Quello che gli stranieri non capiscono è perché Berlusconi, invece di difendersi dicendo che è stato frainteso e voleva dire altro (che sarebbe poi la sua tecnica abituale), ha insistito nel rivendicare la liceità della sua espressione. Ora l'unica risposta vera è che Berlusconi era effettivamente in buona fede, pensava di avere detto una cosa normalissima, e non vede ancora adesso che cosa ci fosse di male. Ha detto (pensa lui) che Obama era nero; e non è forse nero, e nessuno lo nega? Viene in mente la battuta dell'affittacamere milanese che rifiutava di dare il monocamera a un africano: 'Rasista a mi? Ma se l'è lü che l'è negher!'. A parte le battute, Berlusconi sembra sottintendere: che Obama sia nero è evidente, tutti gli scrittori neri in America si sono detti felici perché un nero va alla Casa Bianca, da tempo i neri di America ripetono che 'black is beautiful', nero e abbronzato sono la stessa cosa e quindi si può dire che 'tanned is beautiful'. O no? No. Vi ricorderete che i bianchi americani chiamavano 'negro' (pronuncia 'nigro') gli originari dell'Africa, e quando volevano esprimere il loro disprezzo dicevano 'nigger'. Poi i neri hanno ottenuto di essere chiamati 'black'; ma ancora oggi dei neri possono dire, per provocazione o per scherzo, che sono 'nigger'. Salvo che possono dirlo loro, ma se lo dice un bianco gli rompono la faccia. Così come ci sono dei gay che per qualificarsi provocatoriamente usano espressioni ben più denigratorie, ma se le usa uno che gay non è, come minimo si offendono.
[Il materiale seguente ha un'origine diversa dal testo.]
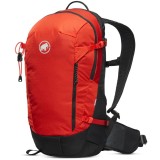 Rucsac MAMMUT Lithium 20 mammut red/black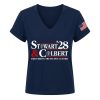 Stewart Colbert 2028 Delivering Truth Hot And Hard Shirt 0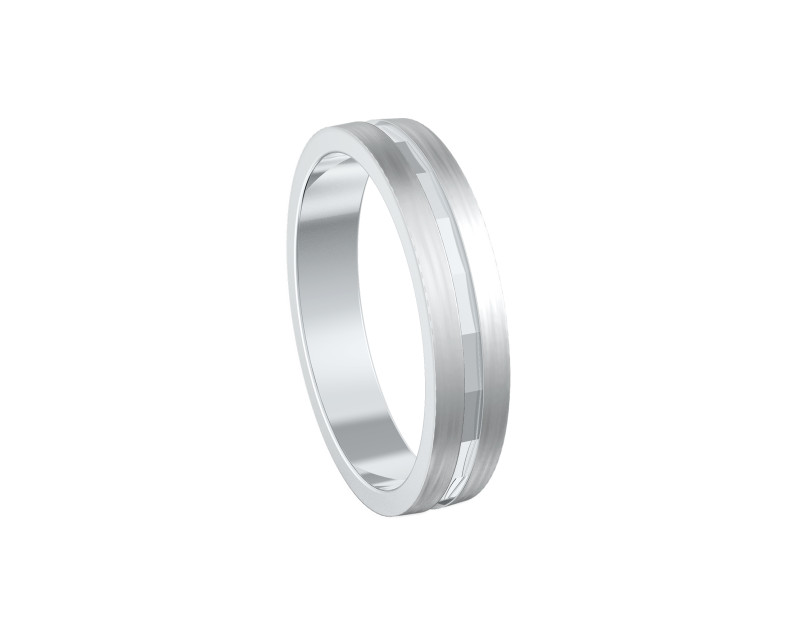 AURORA ITALIA Auroses Eternal Men's Ring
Ora, dire che un nero è andato alla Casa Bianca costituisce una constatazione e può essere detto sia con soddisfazione che con odio, ma può essere detto da chiunque. Definire invece un nero come abbronzato è un modo di dire e non dire, e cioè di suggerire una differenza, senza osare chiamarla col suo nome. Dire che Obama è 'un nero' è una palese verità, dire che 'è nero' è già una allusione al colore della pelle, dire che è abbronzato è una maligna presa in giro.
Certo che Berlusconi non voleva creare un incidente diplomatico con gli Stati Uniti. Ma ci sono dei modi di dire o di comportarsi che servono a distinguere persone di diverse estrazioni sociali o diverso livello culturale. Sarà snobismo, ma in certi ambienti una persona che dice 'manàgment' è immediatamente connotata in senso negativo, e così chi dice 'università di Harvard' senza sapere che Harvard non è un luogo (poi ci sono addirittura quelli che pronunciano 'Haruard'); e dagli ambienti più esclusivi viene bandito chi scriva 'Finnegan's Wake' con il genitivo sassone. Un pochino come un tempo si individuavano come persone di bassa estrazione coloro che alzavano il mignolo mentre sollevavano il calice, se gli si offriva un caffè dicevano "a buon rendere" e invece di dire "mia moglie" dicevano "la mia signora".
Talora il comportamento tradisce un ambiente di origine: ricordo di un personaggio pubblico noto per la sua austerità che, alla fine di un mio discorso all'apertura di una mostra, è venuto a stringermi cordialmente la mano dicendomi "professore, non sa quanto mi ha fatto godere". Gli astanti hanno sorriso imbarazzati ma quella brava persona, avendo sempre frequentato persone timorate di Dio, non sapeva che quella espressione ormai si usa solo in senso carnale. Per quanto riguarda lo spirito si dice "è stato veramente un godimento intellettuale". "E non è la stessa cosa?", direbbe Berlusconi. No, i modi di dire non sono mai la stessa cosa.
Semplicemente Berlusconi non frequenta certi ambienti dove si sa che si può nominare l'origine etnica ma non alludere alla tinta della pelle, così come non si deve mangiare il pesce con il coltello.